Date of Award

May 2020

Document Type


Degree Name

Doctor of Philosophy (PhD)


Rhetorics, Communication, and Information Design

Committee Member

David Blakesley

Committee Member

Cynthia Haynes

Committee Member

Richard Pak

Committee Member

Kapil Chalil Madathil


This dissertation investigates rhetorical situatedness as a factor that culturally designates users’ motives in adopting a new technology. The application of Kenneth Burke’s dramatism extends the discussion about the situation where an interaction takes place to include acting and meaning-making in Non-Western settings as contextual and situated. This expansion is essential to reinforce the understanding of how cultural contexts impact users’ motives, specifically users from Non-Western settings, to adopt a technology. The traditional Human-Computer Interaction (HCI) research stresses mechanical and technical aspects between a user (agent) and a technology device (agency) in order to reduce user errors. This approach isolates the rhetorical situation of interaction in a computer interface, thus eliding the cultural situatedness by regarding the situation as something fixed, such as in a laboratory. Adding a cultural context provides a fuller picture of this interaction.

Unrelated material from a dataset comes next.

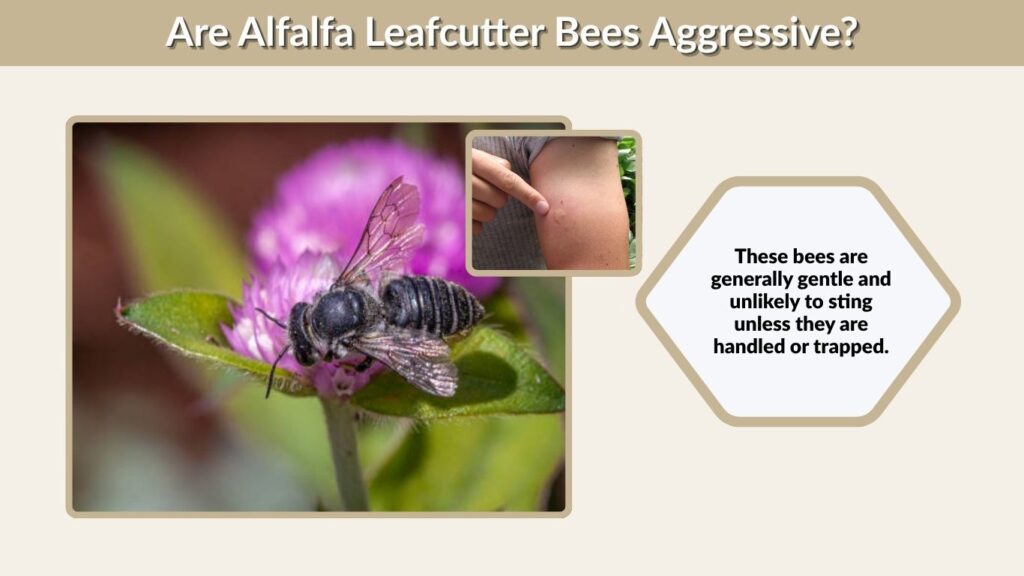 Are Alfalfa Leafcutter Bees Aggressive?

Using a civic records online system called e-Lampid, which is administered by Surabaya City Government in Indonesia as a case study, I discover five elements of situatedness that contribute significantly to weave acting and meaning-making into a culturally informed interaction. User motives are shaped by internal and external situations that are collective, local, and both onsite and off. Dramatism is a tool for analysis and production that prioritizes cultural awareness. Dramatistic User Experience (UX) design offers analytical, comprehensive, and systematic perspectives on the design process. Dramatistic UX integrates three different approaches: usability testing, rhetorical awareness of situations, and needs analysis. The synergy of dramatism, user experience, and design thinking provides a holistic approach to construct a rhetorically grounded and culturally contingent user experience design.